LOL! Awesome ending!
Ha! Instant karma's going to get you. :D
Clever ending, Jana. Really made me cringe, and laugh! And the dialogue was authentically drawn. I'm so glad he got his comeuppance (or comedownance, maybe ;)). Very ingenuous take on the prompt!
Thank you so much for the kind feedback, all! Glad you enjoyed my little slice of irony. :)
I've been completely immobilized by the flu until just now, so I'm looking forward to finally being able to read all of the other entries!
God has his own way of paying the sinners:)
Good riddance to him, he got what he deserved.
A great read..
That was truly a delightful ending, and not the one he had intended, ha ha!
Left me wondering, would the girl be as glad as we all are for the jerk's fate.
Nicely written story! The dialogue was great. And the last line completed the feeling of satisfaction.
Nicely done... loved the end :)
Hee hee hee!
Wait. Is this autobiographical?
I love the "You prick," she resolved. Twisted verb choice, but it works.
Comeuppance is a bitch.
(I hope all y'all are feeling better!)
Jana, even though I've also been fighting the bug this week, I'm trying to get through as many stories as I can. I really enjoy your writing style. Your last line is really great! You're much nicer than I am. I would have had more than just his jeans get caught, the bastard! After reading pjd's comment, I've come up with the title for the book I will write someday about the ridiculous men that have passed through my life. How does "Prick Is Not A Verb," sound?
After reading pjd's comment, I've come up with the title for the book I will write someday about the ridiculous men that have passed through my life. How does "Prick Is Not A Verb," sound?
I am so proud to provide such inspiration.
PJD, I hope you know I was not referring to your comment in any negative way...It just sent me down a trail of thought...
Naturally "bobitted"...liked it...
Terry, I thought it was hilarious. Clearly you need to get to know me better. I am very rarely serious, and even more rarely offended.
Well, now I can sleep tonight. Hehehehe.
P-R-I-C-K is the word! Great job with this photo prompt. I agree, he deserved what he got, big time.
Excellent story... Though he deserved much worse than that!
And one can write another story over Pete and Terry's conversation out here! lolzz! I am loving it! :-D
@ Pete: Your's and Laughingwolf's comments have been a treat to read throughout! Terry is ofcourse angelic.... she wouldn't harm a fly!
Peter and Terry are a traveling duo I take with me wherever I'm writing. They juice up the comments section. Of course I hear they ham it up at the occasional wedding reception and bar mitzvah as well.
Party @ Andrews' comments! Yee haw!
(Seriously - you all are a hoot!)
The jerk really got what he deserved, though i feel he deserved more than that
A well crafted story.
Loved the title.
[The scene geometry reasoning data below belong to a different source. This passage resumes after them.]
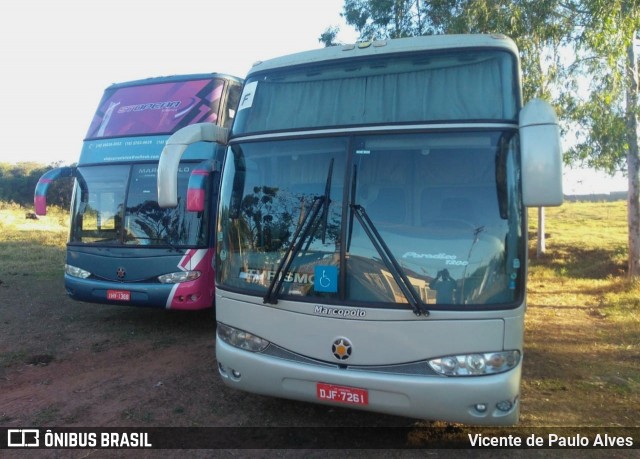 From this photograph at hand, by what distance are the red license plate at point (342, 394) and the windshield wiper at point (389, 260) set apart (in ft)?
2.39

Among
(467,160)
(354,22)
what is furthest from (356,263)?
(354,22)

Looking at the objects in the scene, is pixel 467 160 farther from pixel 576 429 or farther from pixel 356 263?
pixel 576 429

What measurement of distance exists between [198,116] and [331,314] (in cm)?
473

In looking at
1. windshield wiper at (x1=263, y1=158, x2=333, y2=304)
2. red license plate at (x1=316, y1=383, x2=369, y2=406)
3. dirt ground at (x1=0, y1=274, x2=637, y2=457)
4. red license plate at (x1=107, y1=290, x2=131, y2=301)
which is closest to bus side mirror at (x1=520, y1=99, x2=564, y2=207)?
windshield wiper at (x1=263, y1=158, x2=333, y2=304)

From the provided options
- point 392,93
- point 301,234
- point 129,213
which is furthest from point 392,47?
point 129,213

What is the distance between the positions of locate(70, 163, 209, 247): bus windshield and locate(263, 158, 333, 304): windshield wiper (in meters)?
3.31

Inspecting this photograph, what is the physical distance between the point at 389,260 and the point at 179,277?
4.11 meters

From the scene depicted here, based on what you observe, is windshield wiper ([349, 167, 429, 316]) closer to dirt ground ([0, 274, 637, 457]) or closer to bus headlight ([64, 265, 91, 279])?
dirt ground ([0, 274, 637, 457])

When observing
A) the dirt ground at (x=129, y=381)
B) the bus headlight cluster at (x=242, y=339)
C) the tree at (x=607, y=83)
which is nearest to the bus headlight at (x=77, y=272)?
the dirt ground at (x=129, y=381)

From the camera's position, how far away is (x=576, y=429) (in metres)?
4.60

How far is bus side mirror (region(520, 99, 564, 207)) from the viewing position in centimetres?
351

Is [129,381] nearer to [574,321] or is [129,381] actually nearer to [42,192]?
[42,192]

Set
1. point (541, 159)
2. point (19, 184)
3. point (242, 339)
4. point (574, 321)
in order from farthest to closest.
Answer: point (19, 184) < point (574, 321) < point (242, 339) < point (541, 159)

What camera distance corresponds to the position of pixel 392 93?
13.9 feet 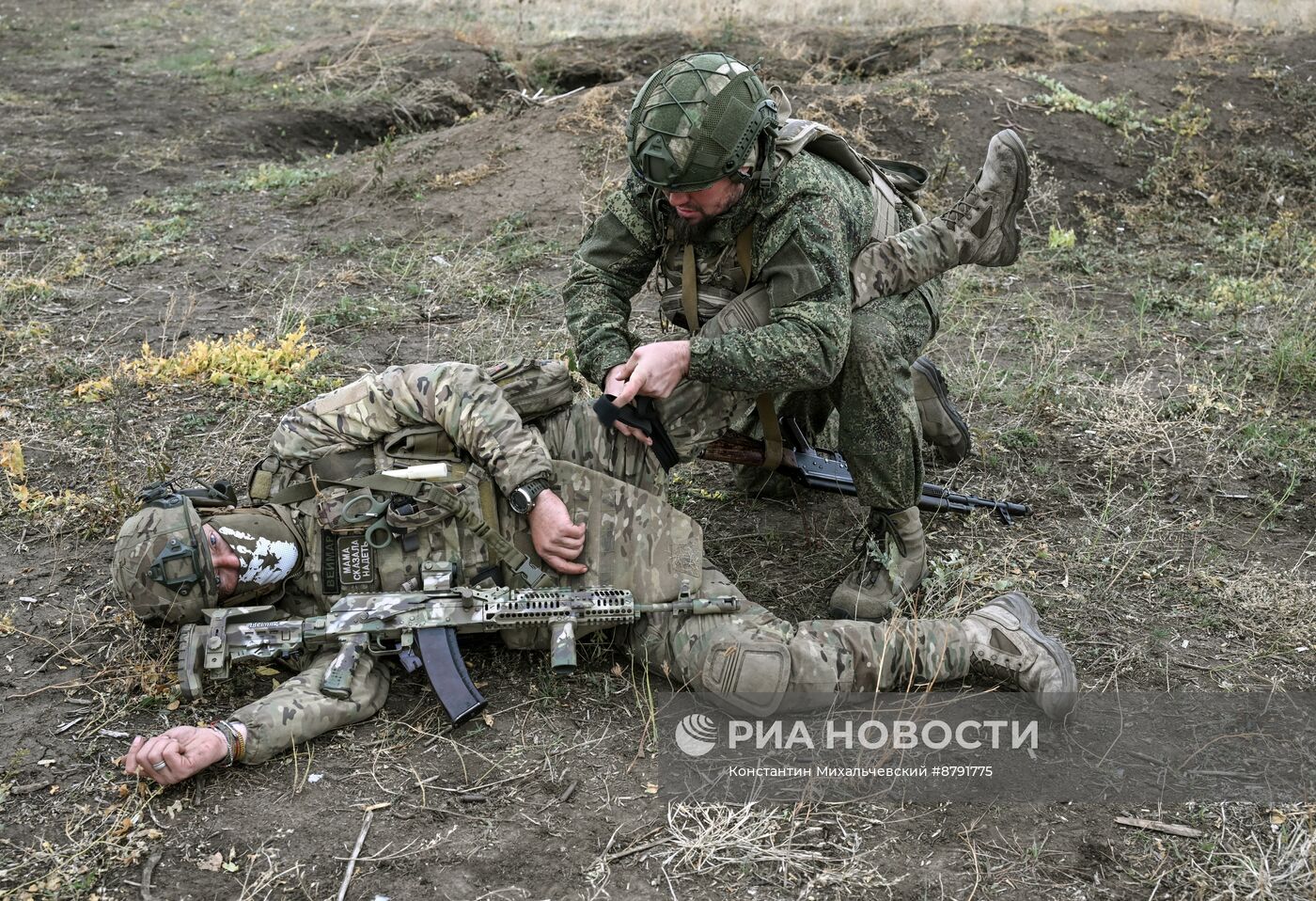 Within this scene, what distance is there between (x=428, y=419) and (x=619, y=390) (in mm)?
673

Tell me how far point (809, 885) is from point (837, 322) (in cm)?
183

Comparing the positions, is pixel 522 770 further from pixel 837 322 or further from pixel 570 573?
pixel 837 322

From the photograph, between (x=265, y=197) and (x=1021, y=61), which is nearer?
(x=265, y=197)

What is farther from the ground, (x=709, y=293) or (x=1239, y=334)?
(x=709, y=293)

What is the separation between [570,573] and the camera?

Maybe coz its of indian origin ;)
:)
Thanks a lot for findin time to read my story and comment on it
:)
Cheerio
:)
I was hoping that the escalator would let him off in Ladie's lingerie so he could quickly find something that fit (he must be a tight end - football player joke). I like reality bites and I enjoyed your intervening "divine" revenge approach here.
I feel sort of special this morning--and, not in the little-yellow-bus kind of way, for a change. I think you are all just perfect.
Well written story with a temporarily satisfying ending... more and worse should come to him... :-)
Thanks for being a wonderful part of the contest!